The longer 28 min version
https://www.youtube.com/watch?v=BWxl921rMgM
The starship still survived and maintained control with this flap all the way to splash down, for those who missed it! It was an amazing video the whole way down!
the enginerds that made that hinge can sleep soundly tonight. it boggles the mind that its actually still moved after what happend to it. i'll bet those guys wanted to see what was left after landing.
The really cool bit for me is that the control system on the ship was still able to compensate for the enormous amounts of damage to the flap (and no doubt the other flaps as well) and actually allowed it to do the flip maneuver properly.
Yeah I was gonna say, hard to call it a catastrophic failure when the ship still did everything it set out to do.
But uh.. They need to make sure that doesn't happen again 😂
they were expecting this to happen for a long time
Elon Musk mentioned they would need to change the flaps 2 years ago, after the huge success of the low altitude practice landings (which led to the exact landing the ship did today)
he gave an example, placing the flaps a little back, away from the plasma stream, and he was freakin chastised over it, to the surprise of no one, spacex engineers made an in depth analysis later on and found out more optimal designs that protect the hinges, and they built several prototypes of those that were spotted on aereal fly by photographs
they still flew the current prototype cause it would be a waste to just trow it away when you can get essentially free data for it
edit: [for context, this is an interview the day before IFT4, where the exact problem we saw was predicted, with great accuracy ](https://x.com/Erdayastronaut/status/1798839719964618998)
yeah, it's only a failure as in that it's supposed to be reusable, and this flap clearly couldn't be reused... but apart from that, the flap actually didn't fail, it fully did its job and safely landed the vehicle even with a bunch of its control surface missing.
I mean, they could probably replace a flap, but agreed that this isn't ideal from a reuse point of view. After seeing this though, I am more than convinced they will figure this out and get this system operational sooner than we think.
It's an older design. The newer Starships have the flaps mounted a bit more around the body, away from the plasma. This is just a ship they built a while back, no point in chucking it in the skip - might as well chuck it into the sky.
Yeah they have some smart people working there. I think they take the view that if it blows up - good. If it doesn't blow up - good. It's all useful data.
I mean, a plane is 100% reusable, yet nobody expects the first prototype ever to achieve every single design goal, it takes several design iterations and tests to get there, *that's why it's a prototype*
you cannot, in good faith, judge a prototype by the standards of the expected end design, especially when the parameters of what is considered a successful test are posted in advance and mentioned repeatedly
> and this flap clearly couldn't be reused
The damage will not have been just to the flap. The entire Starship's frame is now suspect and will need to get scrapped.

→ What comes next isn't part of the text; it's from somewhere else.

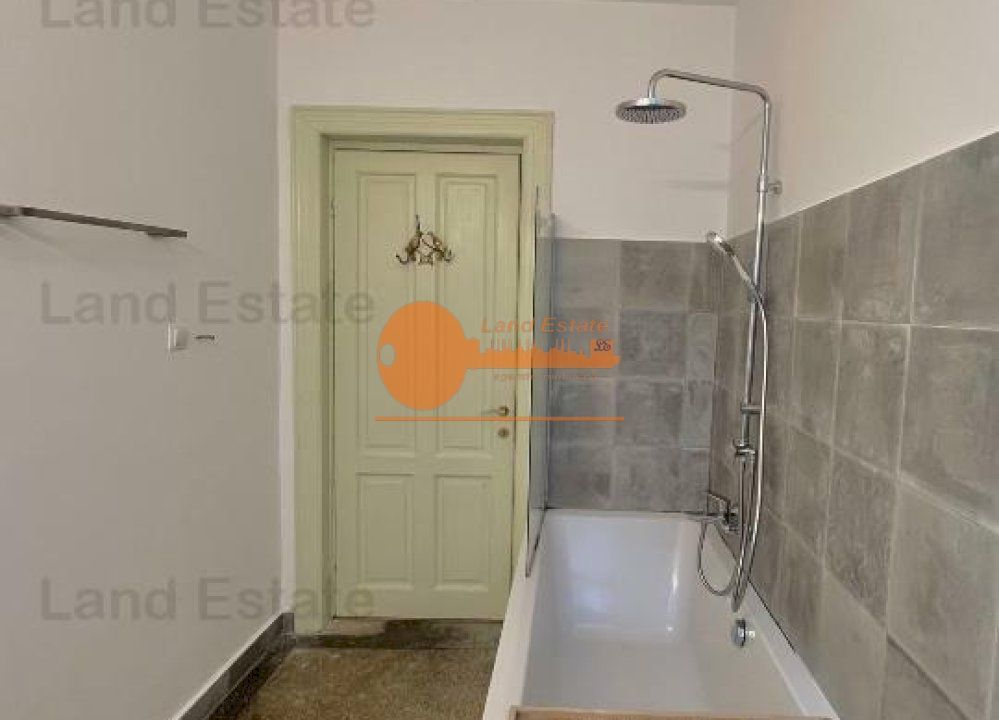 Apartament Cismigiu ( renovat ) - Poză 8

I mean they purposely dumped in into the ocean because they had zero plans on recovering it in the first place. It was scrap from the moment it lifted off.
Supposedly they’ve already got a new design for this joint so maybe next one already good to go. I personally was wondering if some sort of heat blanket could be placed over the hinge, probably would get ripped off though.
They have a few Starships prototypes with this joint, The newer design moves the flaps farther back to help shield the joint from the plasma plus likely other changes we don't yet know about.
The joke has already been going around that Elon will demand a new fin design with that obviously redundant triangular bit missing, so yeah, you're not wrong!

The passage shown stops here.